The Politics of Money

At present too few of us understand the financial system well enough to know how to reform it, even though, as J.K. Galbraith once remarked, ‘the process by which the banks create money is so simple, the mind is repelled’. But after the events of the last few years all of us can appreciate that the creation of credit is fraught with the potential for abuse. And even a brief examination of the historical record shows that privately owned banks have repeatedly jeopardised the common wealth by exploiting the arcane power of debt creation. Finance should be subject to a prolonged inquiry by the population organized as publics to determine whether and how it should be reformed. Perhaps they will conclude that the central banks in Britain and the United States should only give money to state institutions, either as loans or transfers, as circumstances dictate. State-owned development banks could fund industrial expansion in particular regions and sectors and defined publics would exercise responsible control over their activities. Private banks could continue to take deposits from private investors and use them to make loans. But they would no longer have access to the state’s capacity to generate near limitless credit; they would no longer be able to create bubbles in asset markets; they would no longer need to be bailed out by taxpayers who do not understand and are required to believe, the fate of the sucker through the ages.

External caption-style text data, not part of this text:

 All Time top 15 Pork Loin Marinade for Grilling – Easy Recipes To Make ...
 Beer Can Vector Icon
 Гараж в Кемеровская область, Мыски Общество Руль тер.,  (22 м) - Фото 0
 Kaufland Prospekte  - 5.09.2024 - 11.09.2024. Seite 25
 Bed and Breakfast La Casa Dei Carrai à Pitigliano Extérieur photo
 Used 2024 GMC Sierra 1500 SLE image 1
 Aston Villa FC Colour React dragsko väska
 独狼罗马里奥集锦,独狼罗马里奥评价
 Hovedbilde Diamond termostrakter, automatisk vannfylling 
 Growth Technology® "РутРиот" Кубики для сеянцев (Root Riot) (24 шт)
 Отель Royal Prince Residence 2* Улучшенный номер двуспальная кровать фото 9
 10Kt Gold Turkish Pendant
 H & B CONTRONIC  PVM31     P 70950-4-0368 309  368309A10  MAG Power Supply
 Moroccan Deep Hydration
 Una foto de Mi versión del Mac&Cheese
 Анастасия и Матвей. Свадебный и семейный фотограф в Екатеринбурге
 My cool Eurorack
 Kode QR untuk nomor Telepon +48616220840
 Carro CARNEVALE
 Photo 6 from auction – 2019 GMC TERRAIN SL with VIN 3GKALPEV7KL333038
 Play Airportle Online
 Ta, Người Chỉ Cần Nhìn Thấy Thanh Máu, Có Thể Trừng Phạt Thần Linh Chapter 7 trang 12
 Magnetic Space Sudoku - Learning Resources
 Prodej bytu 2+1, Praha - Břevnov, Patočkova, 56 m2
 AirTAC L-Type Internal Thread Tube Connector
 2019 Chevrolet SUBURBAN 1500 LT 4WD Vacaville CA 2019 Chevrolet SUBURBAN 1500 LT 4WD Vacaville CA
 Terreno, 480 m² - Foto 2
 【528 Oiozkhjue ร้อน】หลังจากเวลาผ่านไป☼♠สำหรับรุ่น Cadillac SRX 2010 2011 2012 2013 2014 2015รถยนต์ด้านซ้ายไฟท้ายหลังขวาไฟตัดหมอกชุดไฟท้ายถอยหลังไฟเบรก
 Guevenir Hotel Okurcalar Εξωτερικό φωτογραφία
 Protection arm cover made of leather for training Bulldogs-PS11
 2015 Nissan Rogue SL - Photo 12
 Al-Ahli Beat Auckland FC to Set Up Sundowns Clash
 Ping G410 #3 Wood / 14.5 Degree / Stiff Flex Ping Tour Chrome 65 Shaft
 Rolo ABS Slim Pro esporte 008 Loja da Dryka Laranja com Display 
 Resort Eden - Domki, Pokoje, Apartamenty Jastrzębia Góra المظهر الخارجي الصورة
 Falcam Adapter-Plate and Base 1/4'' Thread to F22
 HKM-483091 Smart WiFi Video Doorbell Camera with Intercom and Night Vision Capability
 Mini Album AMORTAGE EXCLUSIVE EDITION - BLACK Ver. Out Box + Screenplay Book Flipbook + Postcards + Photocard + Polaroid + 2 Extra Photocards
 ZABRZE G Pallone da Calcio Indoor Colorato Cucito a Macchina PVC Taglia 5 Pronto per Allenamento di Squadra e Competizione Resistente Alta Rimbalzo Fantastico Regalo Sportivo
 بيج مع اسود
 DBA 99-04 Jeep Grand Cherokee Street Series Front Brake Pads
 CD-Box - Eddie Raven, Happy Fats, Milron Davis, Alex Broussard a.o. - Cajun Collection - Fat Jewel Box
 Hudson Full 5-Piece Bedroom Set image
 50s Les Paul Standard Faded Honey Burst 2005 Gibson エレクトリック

Of course a public system of credit might lead to reckless cronyism or bureaucratic torpor. But the current system already does. Employee-owned companies might become unjust and sclerotic. But the corporations they would replace already are. Once generally distributed knowledge can provide the basis for legislation the people might still decide that the current structure of the private sector cannot be improved without unacceptable risks. Or they might decide to abolish private property and try to create a world without exploitation. My own hope is that they will move to democratise the workplace and the system of credit in the context of a steady shift from private opulence to public justice.